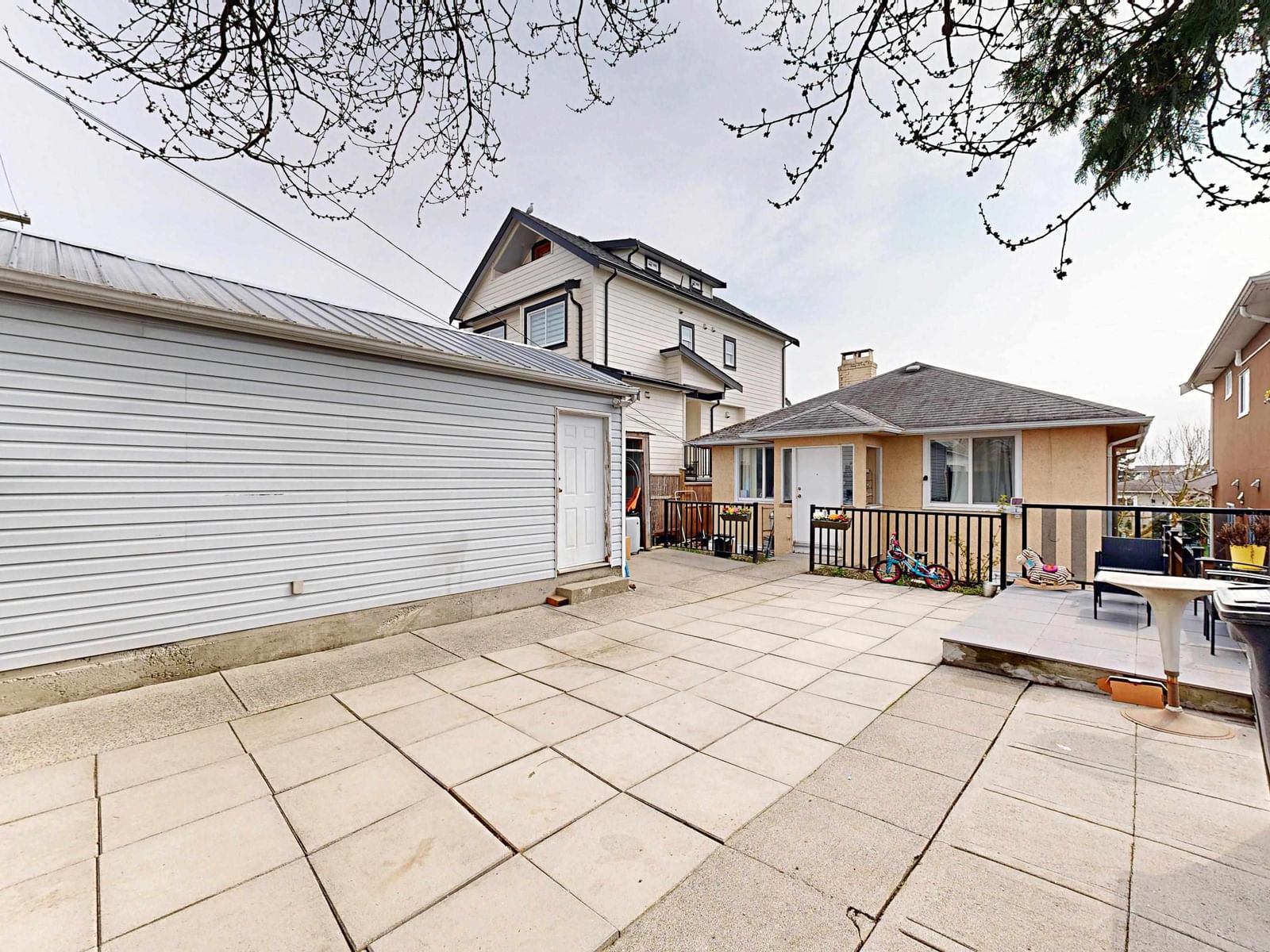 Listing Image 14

--

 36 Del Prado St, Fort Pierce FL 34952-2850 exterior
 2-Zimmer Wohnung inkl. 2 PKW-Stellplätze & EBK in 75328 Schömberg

■ Exercise aim: In the listing above, locate the line containing "36 Del Prado" and the line containing "2-Zimmer Wohnung inkl.", then transcribe both and every line between them verbatim.

■ Solution:
 36 Del Prado St, Fort Pierce FL 34952-2850 exterior
 2-Zimmer Wohnung inkl. 2 PKW-Stellplätze & EBK in 75328 Schömberg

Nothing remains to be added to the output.